The ferocity of the Tet Offensive, which began 51 years ago, surprised most Americans, including service members manning the television station in Hue, Vietnam.
Detachment 5 of the American Forces Vietnam Network (AFVN) was located in a villa about a mile outside the main U.S. compound in Hue, in a neighborhood considered relatively safe from attack.
After the AFVN crew had signed off the air that night and settled into their billets, they heard an explosion down the street. Some of them were already asleep, but a few were still up watching fireworks through their window, since it was the first night of Tet, the Vietnamese lunar New Year.
“Then the real fireworks started,” said Harry Ettmueller, a specialist five and broadcast engineer at the time.
Mortars and rockets began to blast the city landscape and tracer rounds could be seen in the distance.
“It was quite a light show,” said former Spc. 4 John Bagwell, a broadcaster who jumped out of bed once he heard the noise.
Spc. 4 John Bagwell broadcasts for the 1st Cavalry Division in Vietnam before he was transferred to AFVN Det. 5 in Hue during January 1968.
(U.S. Army photo)
One mortar round hit the maintenance shed next to their TV station, which was located behind the house where the AFVN team of eight slept.
The team then pulled out their weapons: World War II carbines along with a shotgun, three M14 rifles, and an M60 machine gun that jammed after two shots.
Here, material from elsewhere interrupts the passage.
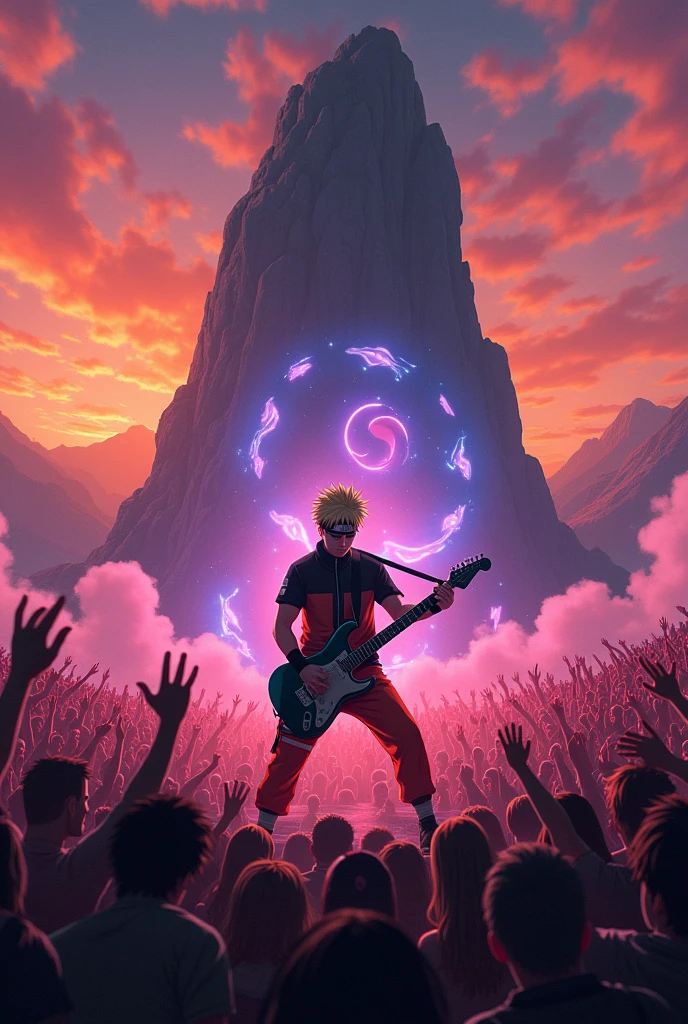 Naruto giving a rock concert in front of a crowd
They took up positions in doorways and windows to stop possible entry. They even handed a carbine to a visiting NBC engineer, Courtney Niles, who happened to be an Army veteran.
Battle for Hue
Station commander, Marine 1st Lt. James DiBernardo, called the Military Assistance Command-Vietnam, or MAC-V office in Hue, and was told to keep his crew in place. A division-sized force of the North Vietnamese army, along with Viet Cong guerrillas, was attacking locations all across the city.
They had even captured part of the citadel that once housed Vietnam’s imperial family and later became the headquarters of a South Vietnamese division.
The NVA attack on Hue was one of the strongest and most successful of the Tet Offensive. Even though more than 100 towns and cities across the country were attacked during Tet, the five-week battle for Hue was the only one where communist forces held a significant portion of the city for more than a few days.
On the second day of Tet, the power-generating station in Hue was taken out and the telephone lines to the AFVN compound were cut. The crew became isolated.
AFVN had begun augmenting its radio broadcasting with television in Saigon in early 1967. Then TV went to Da Nang and up to Hue.
The U.S. State Department decided to help the Vietnamese set up a station for local nationals in what had been the consulate’s quarters in Hue. AFVN set up their equipment in a van just outside the same villa and began broadcasting to troops in May.
Following the Tet Offensive, not much remained of the house where members of AFVN Det. 5 held off the North Vietnamese in a 16-hour firefight.
Hundreds of TVs were brought up from Saigon and distributed to troops. Ettmueller said he was often flown by Air America to units near the Demilitarized Zone (DMZ) to distribute them.
In January 1968, with the 1st Cavalry Division and elements of the 101st Airborne Div. moving up to the northern I Corps area of operations, AFVN decided to add radio broadcasting to the TV station in Hue.
Broadcasters Bagwell and Spc. 5 Steven Stroub were sent from 1st Cavalry to help set up the radio operation. They arrived a day and a half before Tet erupted.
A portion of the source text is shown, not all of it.